La Caja Nacional de Salud (CNS), a través de su personal del Programa Ampliado de Inmunizaciones (PAI) de la Administración Regional La Paz, llevó su campaña de inmunización el jueves a la Facultad de Derecho de la Universidad Mayor de San Andrés (UMSA). Docentes, estudiantes y administrativos, incluida la población en general, acudieron a esta convocatoria, en la que fueron aplicadas 80 dosis entre Pfizer y Sinopharm, además de 10 vacunas de influenza a pocos días del pico de la quinta ola de COVID-19, previsto para la segunda y tercera semana de este mes según las proyecciones de la Dirección de Epidemiología del Ministerio de Salud.
A pesar de que la CNS vacunó ininterrumpidamente desde enero de 2021 cuando las primeras dosis de vacunas contra el COVID-19 arribaron a Bolivia, las campañas suelen intensificarse tras cada nueva ola. Es por eso que desde marzo de este año la CNS está llevando la vacunación a espacios públicos y privados con el objetivo de prevenir un desborde de casos positivos en esta ya próxima quinta ola.
“Como institución, nunca hemos dejado de vacunar. Como parte de las campañas, hemos visitado a varias empresas para hacer el proceso de vacunación, donde ofertamos la certificación de ‘Empresa saludable’, cuyo requisito para obtenerla era que el 95% de su personal recibiera la administración de las primeras, segundas y terceras dosis”, dijo Mario Patty Alejo, responsable del Programa Ampliado de Inmunizaciones (PAI), de la Administración Regional La Paz.

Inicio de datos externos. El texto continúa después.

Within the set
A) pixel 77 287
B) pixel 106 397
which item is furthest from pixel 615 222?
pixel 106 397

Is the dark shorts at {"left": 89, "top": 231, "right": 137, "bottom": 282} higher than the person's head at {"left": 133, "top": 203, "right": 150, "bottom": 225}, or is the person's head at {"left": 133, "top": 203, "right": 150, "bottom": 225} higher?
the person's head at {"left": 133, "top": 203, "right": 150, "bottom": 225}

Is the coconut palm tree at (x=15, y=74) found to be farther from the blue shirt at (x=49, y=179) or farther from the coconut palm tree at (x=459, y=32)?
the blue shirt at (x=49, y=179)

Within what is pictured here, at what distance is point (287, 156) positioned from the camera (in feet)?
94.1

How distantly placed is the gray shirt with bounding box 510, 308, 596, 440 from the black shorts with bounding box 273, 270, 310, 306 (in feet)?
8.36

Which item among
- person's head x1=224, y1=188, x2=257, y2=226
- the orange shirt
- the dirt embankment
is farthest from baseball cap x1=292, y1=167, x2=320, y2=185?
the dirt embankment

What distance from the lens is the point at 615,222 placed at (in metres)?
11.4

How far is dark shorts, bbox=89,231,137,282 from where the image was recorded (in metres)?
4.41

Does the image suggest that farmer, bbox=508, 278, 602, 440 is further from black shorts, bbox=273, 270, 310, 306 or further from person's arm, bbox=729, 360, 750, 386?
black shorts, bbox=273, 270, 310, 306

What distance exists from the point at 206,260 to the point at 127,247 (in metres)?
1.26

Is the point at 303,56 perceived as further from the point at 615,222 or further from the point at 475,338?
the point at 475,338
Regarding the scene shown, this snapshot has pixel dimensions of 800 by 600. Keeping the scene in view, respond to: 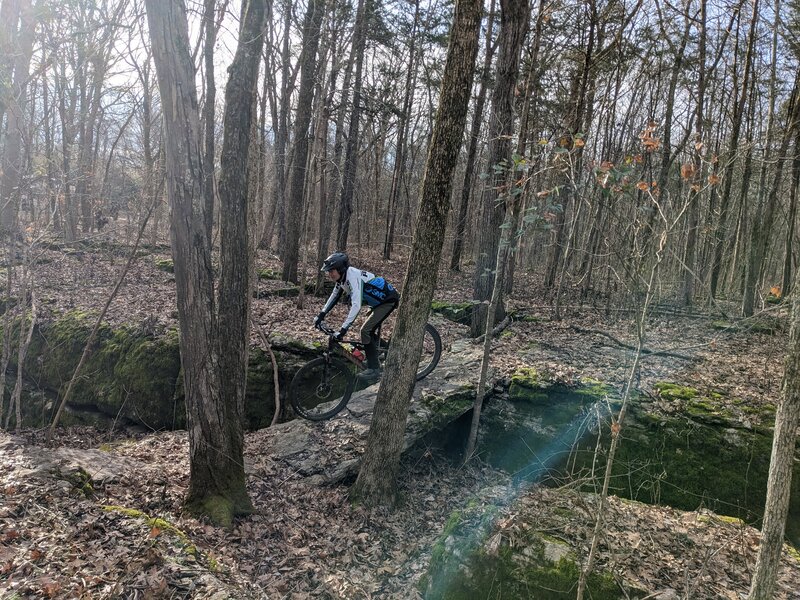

El responsable del PAI señaló que La Francesa, La Cascada, Ingeniería de Transporte Ltda., Laboratorios Coffar y SENASIR fueron las empresas que certificaron porque cumplieron con el requerimiento de acceder al tipo de vacunación que ofertaban.
Actualmente, esta institución sanitaria cuenta entre sus vacunas con la cuarta dosis, la cual es anual para completar el proceso de inmunización. Sin embargo, el contar con todas las vacunas no previene la infección, pero sí garantiza que el contagio no sea tan agresivo. “Los pacientes vacunados van a pasar el coronavirus como un resfriado común leve, no va a ser de mucha trascendencia”, manifestó Patty.
Subrayó también que las personas a quienes ya les dio COVID, pueden volver a reinfectarse, debido a la mutación del virus, como Ómicron, una de las variantes más contagiosas, que sigue presente en el país preponderantemente con sus subvariantes BA.1 y BA.2.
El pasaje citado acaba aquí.